I envisioned this thread as a place to share pictures and discuss modern aircraft which flew and still fly the skies of former Yugoslavia, but primarily my native country Serbia. The photos I'll be posting here were compiled over the years from various sites on the internet and unfortunately for most of them the exact source is unknown (wherever possible the source and author of the photo will be given). The photos will be accompanied with basic and most interesting information about the given subject. 
I also call upon all forum members, especially those from around these parts, to fell free to post here their own pictures on given topic of this thread.

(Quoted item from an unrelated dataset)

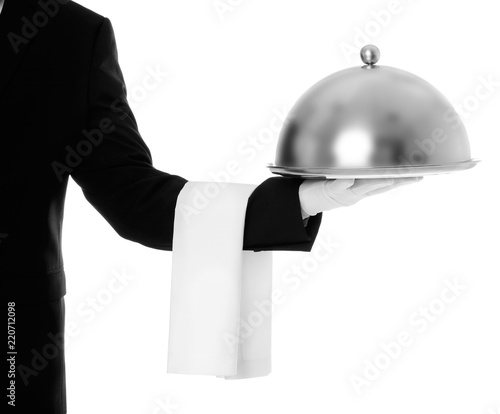 Waiter holding metal tray with lid on white background, closeup photo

So, to start this thread here is the collection of photos showing aircraft which currently serve with Serbian Air Force (from above): MiG-29, MiG-21, Antonov An-26, An-2, Mi-8 and Gazelle helicopters and finally indigenous Yugoslav designs J-22 Orao, G-4 Super Galeb and Lasta 95.

Reactions: Like Like:
2 | Like List reactions


----------



## Gnomey (Feb 14, 2011)

Cool stuff Igor! Looking forward to seeing what else turns up in this thread.


----------



## pbfoot (Feb 14, 2011)

Also enjoy


----------



## Lucky13 (Feb 15, 2011)

Looking forward to this Igor!


----------



## Wurger (Feb 15, 2011)




----------



## imalko (Feb 15, 2011)

Cheers mates! Okay, here's the second set of pictures to conclude our brief overview of current Serbian Air Force inventory (from above): Utva-75 basic trainer, G-2 Galeb, Yak-40 VIP transport and Mi-24 and Mi-17 helicopters.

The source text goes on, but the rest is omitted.